The closure variable i is incremented after every invocation of hello, but if
hello in a subprocess, then i doesn't change:

    
    
      ; hello | wc -c
      2
      ; hello
      2
    

This is because hello is a subprocess of the main shell when it is in a
pipeline. When it is used without the pipe, then it is executed within the
shell environment, not a child.

I have been using a fork of es since Dec, mine has the %sum builtin above,
along with some other things:
[https://github.com/injinj/desh](https://github.com/injinj/desh)

------
TimTheTinker
> We applied concepts from modern functional programming languages, such as
> Scheme and ML, to shells

Note that ML here refers to a functional programming language[0], not machine
learning.

[0]
[https://en.wikipedia.org/wiki/ML_(programming_language)](https://en.wikipedia.org/wiki/ML_\(programming_language\))

------
xelxebar
First order functions and the ability to override builtins.
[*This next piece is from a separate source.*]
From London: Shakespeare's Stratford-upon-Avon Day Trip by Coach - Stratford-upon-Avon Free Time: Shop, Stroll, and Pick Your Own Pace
Definitely giving
this a try.

I've tried out several shells as primary drivers---bash, mksh, zsh, fish.
These got me thinking more generally in terms of "userspace tools" instead of
just interfaces with coreutils _etc_ , which made me wonder, can we use our
favorite REPLs in lieu of a standard shell?

I've tried using Haskell's ghci as a "shell" and, fixable ergonomics aside, it
seems doable. We already have interfaces to kernel syscalls, so in principle
it's "just" a libraries problem. File I/O is probably the easiest, and with
/proc and /sys, that's enough to replace several info-gathering system tools,
_e.g._ df, lscpu, mount (just listing).

Really wish I could immerse myself in Haskell for a few years and see if I
could learn enough to take this REPLshell idea somewhere.

------
ErotemeObelus
This is really cool & sweet.